MSF üyesi anestezist Doç. Dr. Ercan Türeci'nin 2009 yılında Cumhuriyet gazetesinde yayınlanan röportajından bir kesit;
MSF ile çalışmaya ne zaman, nasıl başladınız?
2005’te internet üzerinden bağlantı kurdum ve Atina’daki merkeze yönlendirildim. Benden pek çok belge istediler, hatta tıp fakültesinde hangi dersi kaç saat aldığımın bile peşine düştüler. Bunun üzerine “bu ne bürokrasi” diye sordum, yanıt bugün hepimizin altına imza atabileceğimiz bir cümleydi. “Gönüllülük esasına göre çalışıyor olmamız” deniyordu; “hizmet verdiğimiz insanların en iyisini hak etmedikleri anlamına gelmez.”

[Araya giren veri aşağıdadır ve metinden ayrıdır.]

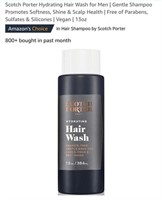 MSRP $14 Mens Hydrating Hair Wash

Türkiye’den sizden başka kaç doktor var?
Bilebildiğim kadarıyla yok, olsa sözü geçerdi.
Emin misiniz?
Geçen yıl gazetelerde yayımlanan yazılarımdan heveslenip Özbekistan’a giden göğüs hastalıkları uzmanı üç ay sonra bu iş bana göre değil, diyerek geri döndü.
Şaşırdım, çünkü Sınır Tanımayan Doktorlar’ı yıllardır biliyorum, çalışmalarını izliyor ve raporlarını kullanıyoruz… Sizce doktorlar neden bu kadar uzak duruyor?
Tevazu gerçek sanılmasın diye söylüyorum, bu tür kuruluşlarla çalıştığın zaman gittiğin yerler hep çatışmalı, tartışmalı yerler, riskli alanlar… Somali’ye Sudan’a gidildiğinde oda ya da ev tutulup klima kurulmuyor, çadırda kalınıyor… Hastalıktan can güvenliğinin olmamasına kadar pek çok risk içeriyor ve pahalı bir bedeli var.